Sage (LON: SGE) share price recovery gained momentum as investors reacted to the latest financial results. The stock surged by more than 6% on Wednesday and reached a high of 804p, the highest point since January 21st this year. It has rallied by over 36% from its lowest level this year.
Sage earnings review
Sage Group announced strong results even as companies continued slashing their spending. Organic recurring revenue rose by 9% in FY22, helped by Sage Business Cloud growth rate of 24%. Its Annual Run Rate (ARR) was 12%, helped by momentum in all geographies.
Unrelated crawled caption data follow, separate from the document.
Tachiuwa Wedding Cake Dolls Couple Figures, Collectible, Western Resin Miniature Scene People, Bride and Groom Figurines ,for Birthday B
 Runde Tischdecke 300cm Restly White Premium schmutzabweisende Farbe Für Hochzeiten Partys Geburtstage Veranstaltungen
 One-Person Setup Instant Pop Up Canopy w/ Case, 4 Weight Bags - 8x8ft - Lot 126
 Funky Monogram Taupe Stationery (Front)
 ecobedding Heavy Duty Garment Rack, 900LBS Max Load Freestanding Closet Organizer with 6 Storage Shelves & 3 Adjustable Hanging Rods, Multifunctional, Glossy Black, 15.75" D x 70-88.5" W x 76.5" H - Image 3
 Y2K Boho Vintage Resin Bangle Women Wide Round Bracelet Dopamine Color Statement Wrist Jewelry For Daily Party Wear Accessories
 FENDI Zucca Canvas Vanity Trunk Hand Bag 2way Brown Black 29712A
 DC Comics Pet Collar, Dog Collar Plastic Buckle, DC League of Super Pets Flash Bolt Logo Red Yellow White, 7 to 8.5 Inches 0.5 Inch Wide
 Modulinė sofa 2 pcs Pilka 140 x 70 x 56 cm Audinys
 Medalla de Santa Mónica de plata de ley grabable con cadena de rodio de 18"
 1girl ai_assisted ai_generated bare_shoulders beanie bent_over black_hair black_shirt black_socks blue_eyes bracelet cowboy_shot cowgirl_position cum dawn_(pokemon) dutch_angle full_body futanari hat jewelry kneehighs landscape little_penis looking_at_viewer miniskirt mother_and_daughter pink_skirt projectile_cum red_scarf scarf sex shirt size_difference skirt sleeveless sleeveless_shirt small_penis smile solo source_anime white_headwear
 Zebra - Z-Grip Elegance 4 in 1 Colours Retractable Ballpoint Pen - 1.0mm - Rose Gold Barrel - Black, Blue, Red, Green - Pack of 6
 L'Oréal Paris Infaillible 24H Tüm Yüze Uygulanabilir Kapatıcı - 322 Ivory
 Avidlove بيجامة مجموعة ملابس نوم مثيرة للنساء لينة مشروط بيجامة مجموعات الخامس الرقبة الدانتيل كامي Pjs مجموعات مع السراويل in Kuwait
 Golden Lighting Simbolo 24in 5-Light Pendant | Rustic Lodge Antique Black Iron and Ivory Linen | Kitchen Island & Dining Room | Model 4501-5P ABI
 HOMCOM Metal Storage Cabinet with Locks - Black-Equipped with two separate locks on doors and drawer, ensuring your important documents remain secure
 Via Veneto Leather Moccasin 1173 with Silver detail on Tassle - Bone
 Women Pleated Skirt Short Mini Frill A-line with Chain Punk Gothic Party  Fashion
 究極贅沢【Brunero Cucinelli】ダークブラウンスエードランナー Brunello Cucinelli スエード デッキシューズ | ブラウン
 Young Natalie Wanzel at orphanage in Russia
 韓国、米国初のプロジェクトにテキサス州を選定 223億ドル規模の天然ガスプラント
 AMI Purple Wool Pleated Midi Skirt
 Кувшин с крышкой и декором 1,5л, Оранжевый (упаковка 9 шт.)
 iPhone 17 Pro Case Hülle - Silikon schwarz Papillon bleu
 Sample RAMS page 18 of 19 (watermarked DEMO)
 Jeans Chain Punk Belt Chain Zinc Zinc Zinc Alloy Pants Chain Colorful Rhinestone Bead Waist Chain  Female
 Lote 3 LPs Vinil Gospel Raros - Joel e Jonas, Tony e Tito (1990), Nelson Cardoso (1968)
Meanwhile, the company managed to expand its operating margin to 19.9% while its basic EPS growth expanded to 8%. In real numbers, the total organic revenue rose to £1.92 billion while its EBITDA rose by 3% to £468 million. In a statement, the company’s CEO said:
“I am confident that our resilient business model together with our strategy for delivering efficient growth, centered on our expanding digital network, will enable us to create further long-term value for all our stakeholders.”
Sage Group, one of the biggest technology companies in the FTSE 100, provides accounting solutions to small businesses. Its products are accounting, payroll, and human resources. In this business, it competes with the likes of Intuit, Xero, and NetSuite among others.
Sage has grown mostly organically in the past few years. It has also grown through acquisitions. This year, the firm has made several acquisitions, including Lockstep, Spherics, Mateo, and Futlri.
Sage Group is a good investment for several reasons. First, it has a strong and growing market share in SMB accounting. Second, it has strong annual recurring revenues. And finally, the company has growing margins and strong dividends.
Sage share price forecast
The daily chart shows that the Sage stock price made a strong rebound on Wednesday. Before that, the stock was forming an inverted head and shoulders pattern, which is usually a bullish sign. The shares have moved above all moving averages.
In the same period, the Relative Strength Index (RSI) has moved above the overbought level. Therefore, the shares will likely continue rising as buyers focus on the next psychological level of 1,000p. A drop below the key support level at 762p will invalidate the bullish view.